Exercise directions » Retype word for word the stretch of entries below from the line that has "Self Love Premium Hoodie" through the line that has "7777583A-4B1C-454A-ADCF-E3D9F915ECDA", and omit the pictures.

Information shown »
○ ○ ○ ○ ○ ○ ○

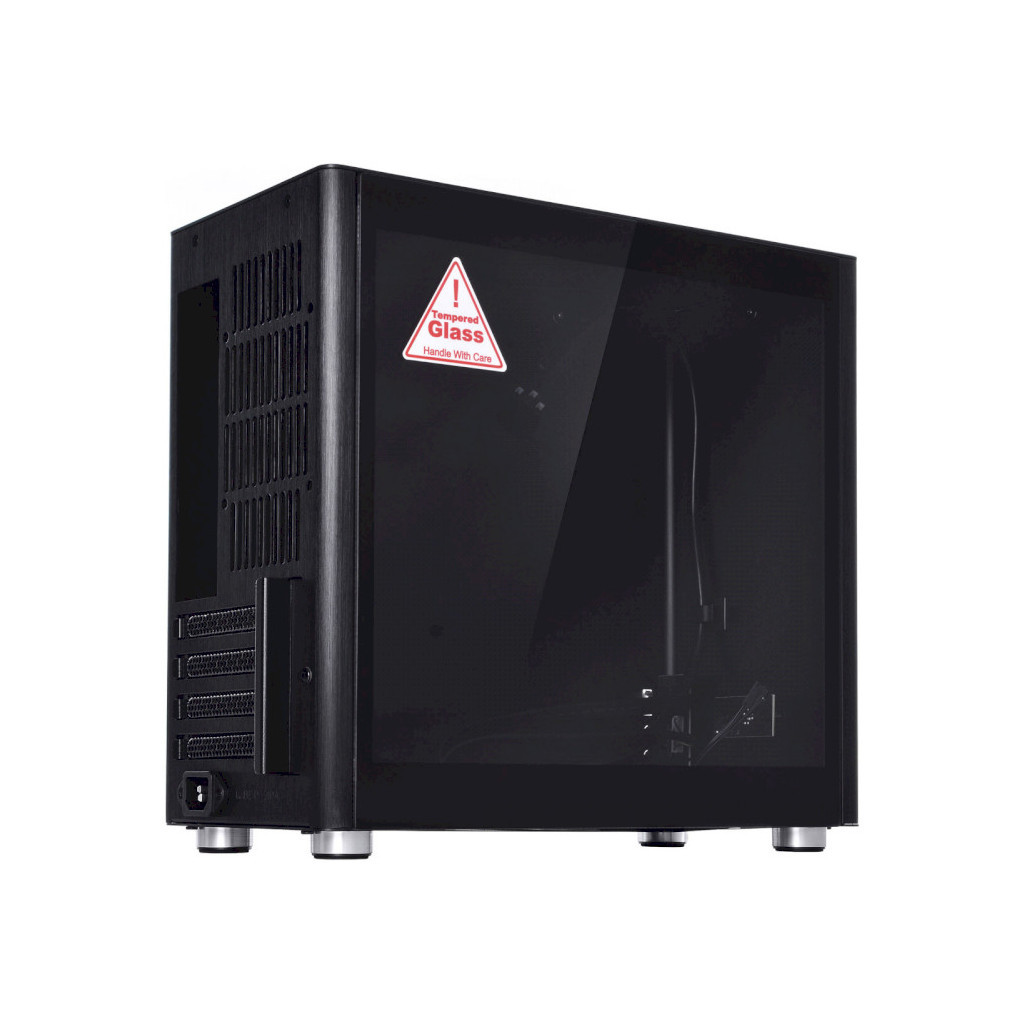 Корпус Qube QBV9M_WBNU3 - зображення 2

○ ○ ○ ○ ○ ○ ○

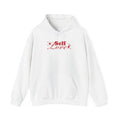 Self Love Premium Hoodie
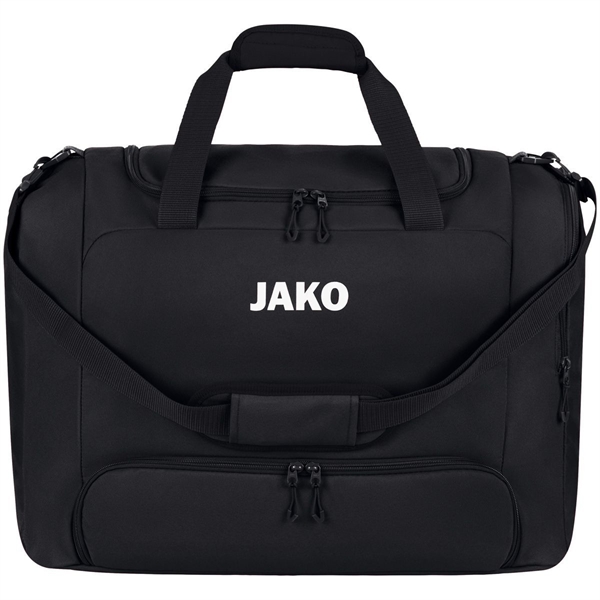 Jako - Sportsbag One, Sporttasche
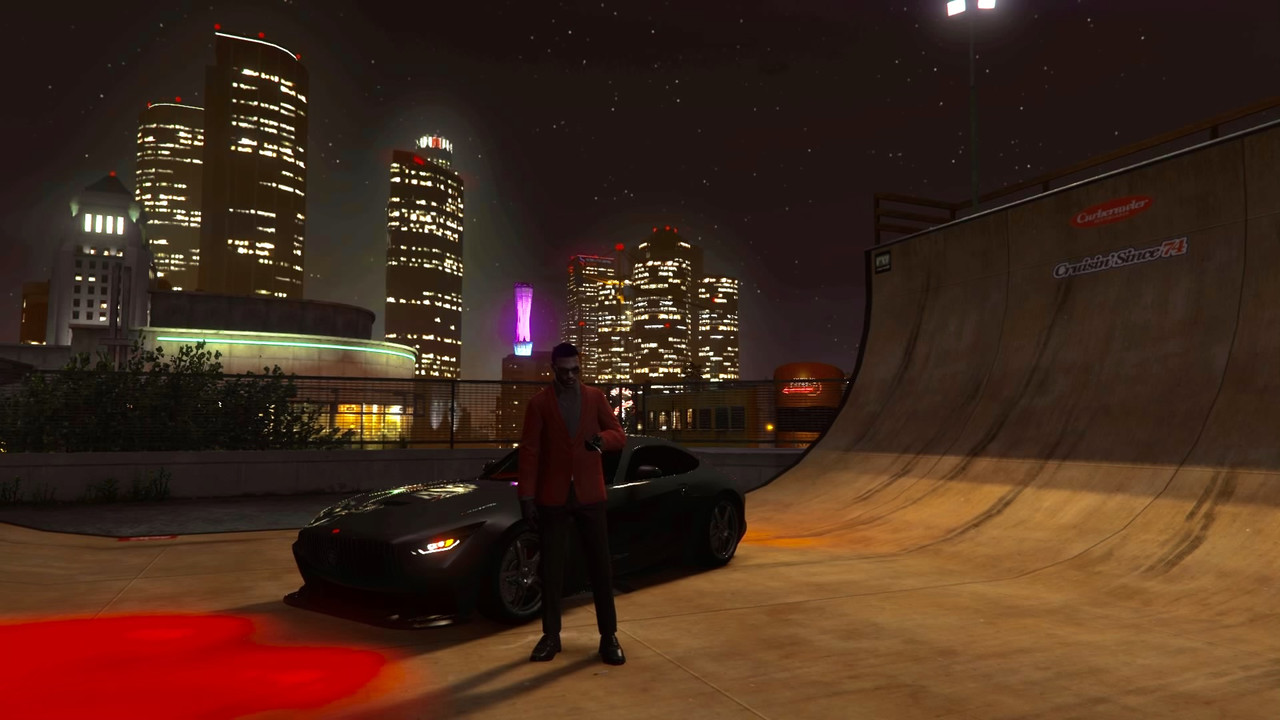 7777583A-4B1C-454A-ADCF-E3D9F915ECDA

○ ○ ○ ○ ○ ○ ○

Solution below »
 Self Love Premium Hoodie
 Jako - Sportsbag One, Sporttasche
 7777583A-4B1C-454A-ADCF-E3D9F915ECDA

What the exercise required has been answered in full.